*Entries taken from a collection*.

Segment Open

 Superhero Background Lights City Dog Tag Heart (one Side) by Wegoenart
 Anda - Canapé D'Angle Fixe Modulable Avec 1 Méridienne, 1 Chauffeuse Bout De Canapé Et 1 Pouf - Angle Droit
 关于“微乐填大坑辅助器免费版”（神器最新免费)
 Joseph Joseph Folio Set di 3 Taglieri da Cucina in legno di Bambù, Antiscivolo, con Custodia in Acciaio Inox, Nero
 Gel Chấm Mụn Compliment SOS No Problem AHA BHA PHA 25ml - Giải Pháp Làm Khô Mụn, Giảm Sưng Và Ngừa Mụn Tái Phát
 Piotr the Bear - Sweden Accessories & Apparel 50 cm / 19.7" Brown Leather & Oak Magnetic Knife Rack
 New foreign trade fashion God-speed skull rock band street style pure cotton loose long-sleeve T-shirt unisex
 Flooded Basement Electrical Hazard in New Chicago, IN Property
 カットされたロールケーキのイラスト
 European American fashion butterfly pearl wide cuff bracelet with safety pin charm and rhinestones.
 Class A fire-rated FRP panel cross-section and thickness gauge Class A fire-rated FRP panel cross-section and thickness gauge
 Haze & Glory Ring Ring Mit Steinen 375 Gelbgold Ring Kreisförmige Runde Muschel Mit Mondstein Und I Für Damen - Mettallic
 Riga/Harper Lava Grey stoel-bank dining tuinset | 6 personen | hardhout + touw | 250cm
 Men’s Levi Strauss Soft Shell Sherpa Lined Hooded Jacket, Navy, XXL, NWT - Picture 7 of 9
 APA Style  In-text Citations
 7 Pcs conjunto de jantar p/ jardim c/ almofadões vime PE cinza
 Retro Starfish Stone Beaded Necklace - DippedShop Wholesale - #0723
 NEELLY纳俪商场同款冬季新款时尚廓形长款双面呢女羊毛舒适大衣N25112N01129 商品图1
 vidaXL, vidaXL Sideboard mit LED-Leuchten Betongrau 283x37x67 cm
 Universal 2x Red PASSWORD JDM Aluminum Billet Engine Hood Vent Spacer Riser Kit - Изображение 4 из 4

Segment Closed

*About this task*. Write the entries out again, exactly and completely.

*Answer to this exercise*.
 Superhero Background Lights City Dog Tag Heart (one Side) by Wegoenart
 Anda - Canapé D'Angle Fixe Modulable Avec 1 Méridienne, 1 Chauffeuse Bout De Canapé Et 1 Pouf - Angle Droit
 关于“微乐填大坑辅助器免费版”（神器最新免费)
 Joseph Joseph Folio Set di 3 Taglieri da Cucina in legno di Bambù, Antiscivolo, con Custodia in Acciaio Inox, Nero
 Gel Chấm Mụn Compliment SOS No Problem AHA BHA PHA 25ml - Giải Pháp Làm Khô Mụn, Giảm Sưng Và Ngừa Mụn Tái Phát
 Piotr the Bear - Sweden Accessories & Apparel 50 cm / 19.7" Brown Leather & Oak Magnetic Knife Rack
 New foreign trade fashion God-speed skull rock band street style pure cotton loose long-sleeve T-shirt unisex
 Flooded Basement Electrical Hazard in New Chicago, IN Property
 カットされたロールケーキのイラスト
 European American fashion butterfly pearl wide cuff bracelet with safety pin charm and rhinestones.
 Class A fire-rated FRP panel cross-section and thickness gauge Class A fire-rated FRP panel cross-section and thickness gauge
 Haze & Glory Ring Ring Mit Steinen 375 Gelbgold Ring Kreisförmige Runde Muschel Mit Mondstein Und I Für Damen - Mettallic
 Riga/Harper Lava Grey stoel-bank dining tuinset | 6 personen | hardhout + touw | 250cm
 Men’s Levi Strauss Soft Shell Sherpa Lined Hooded Jacket, Navy, XXL, NWT - Picture 7 of 9
 APA Style  In-text Citations
 7 Pcs conjunto de jantar p/ jardim c/ almofadões vime PE cinza
 Retro Starfish Stone Beaded Necklace - DippedShop Wholesale - #0723
 NEELLY纳俪商场同款冬季新款时尚廓形长款双面呢女羊毛舒适大衣N25112N01129 商品图1
 vidaXL, vidaXL Sideboard mit LED-Leuchten Betongrau 283x37x67 cm
 Universal 2x Red PASSWORD JDM Aluminum Billet Engine Hood Vent Spacer Riser Kit - Изображение 4 из 4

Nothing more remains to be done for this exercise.